• WORK ITEM
Below are entries; copy exactly the lines from the one with "Convites Festa Aberta de Natal de Poinsettia" through the one with "Trip.com: Travel planning inside ChatGPT", both included, and leave out the rest.

• TASK DATA
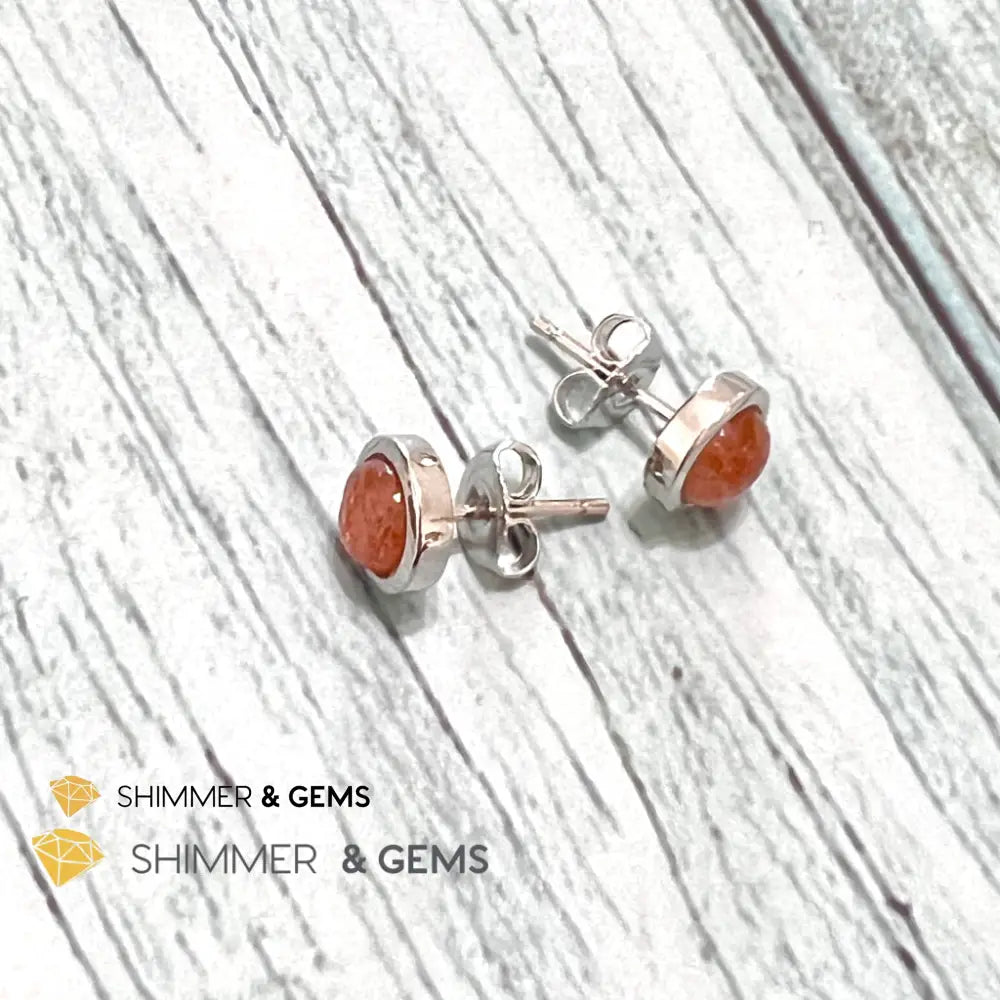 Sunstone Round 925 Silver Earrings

--

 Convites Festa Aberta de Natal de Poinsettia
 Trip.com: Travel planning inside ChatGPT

* * *

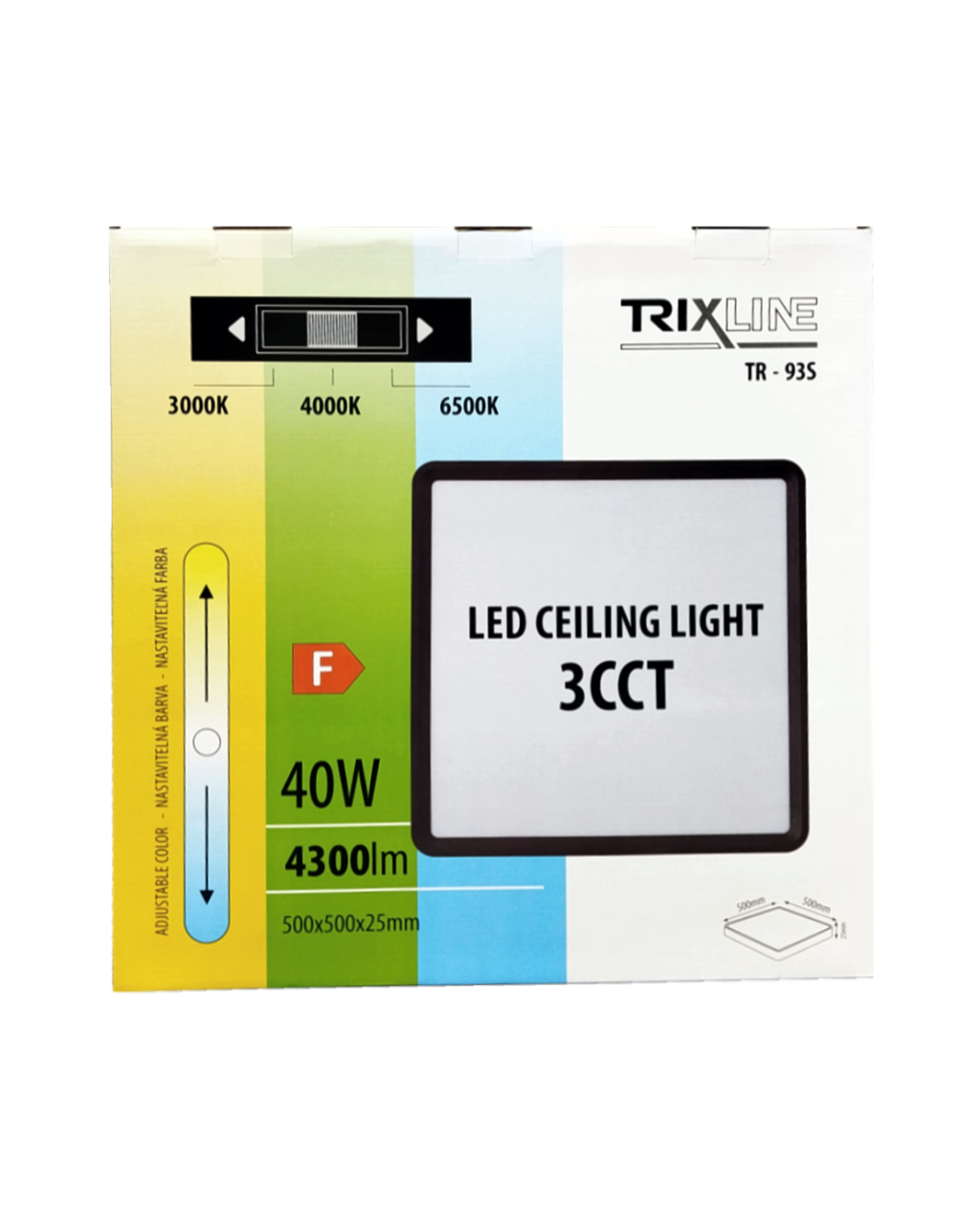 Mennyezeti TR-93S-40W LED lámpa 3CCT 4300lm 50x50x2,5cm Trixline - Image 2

• TASK SOLUTION
 Convites Festa Aberta de Natal de Poinsettia
 Trip.com: Travel planning inside ChatGPT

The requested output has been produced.